SÉRIE SERIES: European public broadcasters must come together to regain market share from global OTT rivals pulling viewers away from traditional networks, it has been claimed.

Jeroen Depraetere

Jeroen Depraetere, head of television at the European Broadcasting Union (EBU), said the group was more important than ever as new and emerging players with huge reserves of money, such as Netflix and Amazon, continue to roll out new drama series with unprecedented speed and budgets.

“The total amount of investment from public broadcasters comes up to €18bn [US$21bn] a year in content creation,” he told delegates here at Série Series in Fontainebleau, France. “That means in 2017 we had twice as much investment in content compared with Netflix and Amazon.

“If we get our act together as public broadcasters we still have a lot to put out there.
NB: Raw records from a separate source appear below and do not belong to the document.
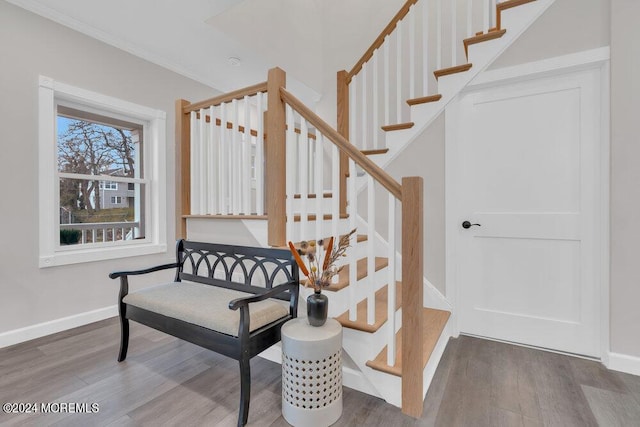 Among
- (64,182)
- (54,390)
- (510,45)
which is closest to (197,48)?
(64,182)

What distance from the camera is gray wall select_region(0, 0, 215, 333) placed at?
7.44ft

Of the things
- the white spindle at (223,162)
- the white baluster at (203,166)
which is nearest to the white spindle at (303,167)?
the white spindle at (223,162)

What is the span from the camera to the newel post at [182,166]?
7.92 feet

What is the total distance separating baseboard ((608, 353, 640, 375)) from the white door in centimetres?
15

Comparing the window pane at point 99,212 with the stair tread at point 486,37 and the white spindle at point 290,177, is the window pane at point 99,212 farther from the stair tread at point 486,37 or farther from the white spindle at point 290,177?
the stair tread at point 486,37

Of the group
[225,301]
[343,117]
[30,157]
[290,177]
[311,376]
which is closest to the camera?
[311,376]

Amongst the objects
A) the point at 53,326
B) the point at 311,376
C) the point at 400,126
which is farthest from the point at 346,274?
the point at 53,326

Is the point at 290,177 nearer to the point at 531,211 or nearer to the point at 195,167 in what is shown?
the point at 195,167

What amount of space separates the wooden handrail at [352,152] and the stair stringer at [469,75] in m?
1.02

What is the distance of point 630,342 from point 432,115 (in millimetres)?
1986

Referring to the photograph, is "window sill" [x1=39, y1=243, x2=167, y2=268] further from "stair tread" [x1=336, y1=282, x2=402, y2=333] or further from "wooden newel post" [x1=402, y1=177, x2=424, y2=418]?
"wooden newel post" [x1=402, y1=177, x2=424, y2=418]

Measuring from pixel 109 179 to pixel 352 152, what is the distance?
8.53 feet

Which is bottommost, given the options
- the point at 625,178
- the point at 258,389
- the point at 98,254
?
the point at 258,389

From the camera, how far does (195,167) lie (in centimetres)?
241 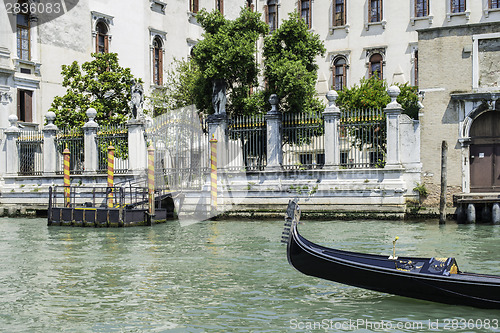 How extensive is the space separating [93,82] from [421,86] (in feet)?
38.9

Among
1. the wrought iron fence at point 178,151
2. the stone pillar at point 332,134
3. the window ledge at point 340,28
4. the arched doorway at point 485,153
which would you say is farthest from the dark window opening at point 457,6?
the wrought iron fence at point 178,151

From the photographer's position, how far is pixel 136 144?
2195 cm

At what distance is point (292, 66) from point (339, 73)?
37.9 feet

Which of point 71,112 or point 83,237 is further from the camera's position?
point 71,112

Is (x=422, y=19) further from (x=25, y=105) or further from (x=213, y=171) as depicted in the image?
(x=25, y=105)

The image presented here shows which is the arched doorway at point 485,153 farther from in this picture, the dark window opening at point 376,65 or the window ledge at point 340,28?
the window ledge at point 340,28

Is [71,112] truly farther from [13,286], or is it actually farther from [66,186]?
[13,286]

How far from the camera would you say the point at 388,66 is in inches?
1201

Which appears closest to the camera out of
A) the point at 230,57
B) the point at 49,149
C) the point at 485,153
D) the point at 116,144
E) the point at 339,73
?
the point at 485,153

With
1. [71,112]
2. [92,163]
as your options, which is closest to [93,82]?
[71,112]

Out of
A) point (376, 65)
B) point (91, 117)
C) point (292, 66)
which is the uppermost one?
point (376, 65)

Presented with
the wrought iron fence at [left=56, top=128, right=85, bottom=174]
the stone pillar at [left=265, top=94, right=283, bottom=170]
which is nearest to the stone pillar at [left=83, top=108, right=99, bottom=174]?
the wrought iron fence at [left=56, top=128, right=85, bottom=174]

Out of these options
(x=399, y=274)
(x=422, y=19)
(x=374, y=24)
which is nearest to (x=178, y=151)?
(x=374, y=24)

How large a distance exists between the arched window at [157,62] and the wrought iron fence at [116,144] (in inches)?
336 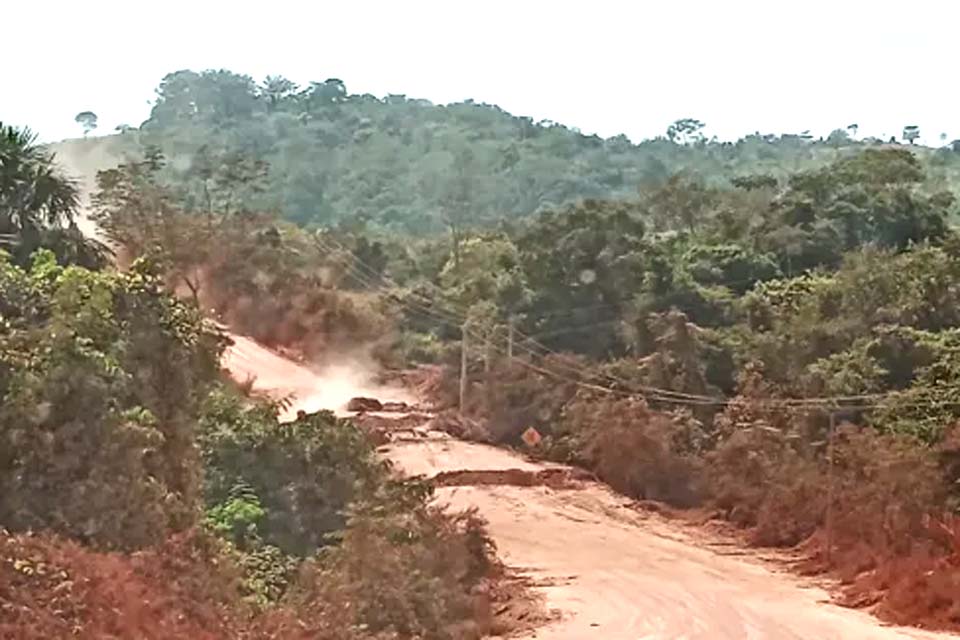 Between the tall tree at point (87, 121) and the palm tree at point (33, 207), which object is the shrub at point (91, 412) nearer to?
the palm tree at point (33, 207)

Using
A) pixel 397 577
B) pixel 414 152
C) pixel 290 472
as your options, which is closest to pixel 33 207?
pixel 290 472

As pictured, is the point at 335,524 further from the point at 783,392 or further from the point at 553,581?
the point at 783,392

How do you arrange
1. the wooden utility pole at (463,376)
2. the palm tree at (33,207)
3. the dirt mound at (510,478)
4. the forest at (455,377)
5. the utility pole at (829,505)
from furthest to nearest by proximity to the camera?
the wooden utility pole at (463,376)
the dirt mound at (510,478)
the utility pole at (829,505)
the palm tree at (33,207)
the forest at (455,377)

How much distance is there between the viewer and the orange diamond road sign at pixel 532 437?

We should look at how we can work together in the best way to regain our market to make sure our content is put in the right position.”

Depraetere’s rallying call comes after the launch last month of The Alliance, forged by pubcasters France Télévisions, ZDF in Germany and Rai in Italy to develop high-end drama.

Last year, Nordic pubcasters DR (Denmark), SVT (Sweden), NRK (Norway) and RUV (Iceland) also agreed a new coproduction strategy to produce 12 dramas a year, known as N12.

Depraetere’s comments here preceded a debate between executives, including those from Denmark’s DR, Finland’s YLE and VRT in Belgium, about the future of public broadcasting in Europe, where the speakers all called on pubcasters to be daring and take more risks, with less importance placed on viewing figures.

Ville Rilén, director of content at YLE, said: “Public service companies must have a variety of drama. They must experiment. They need the figures and the ratings but we must try new things.”

Wim Janssen, content manager at VRT, said pubcasters should take risks and help people understand the world around them. “Also with drama, what’s interesting is to put ethical questions and not define what the answers are,” he said. “It’s important to put questions and see how it resonates with the audience.”

Christian Rank, head of drama at DR, also spoke about the future of the network’s drama output following a 20% cut imposed by the Danish government on the broadcaster’s budget, which he explained was introduced following views that DR had grown too big and moved away from its core public service mission.

“Primarily, when we talk about drama, DR’s success has had to do with strong in-house drama department and series fully financed by DR, which has given a lot of creative control and led to daring programmes,” he said. “Now, with a general budget cut, we can also be forced to coproduce more. It’s a big discussion.”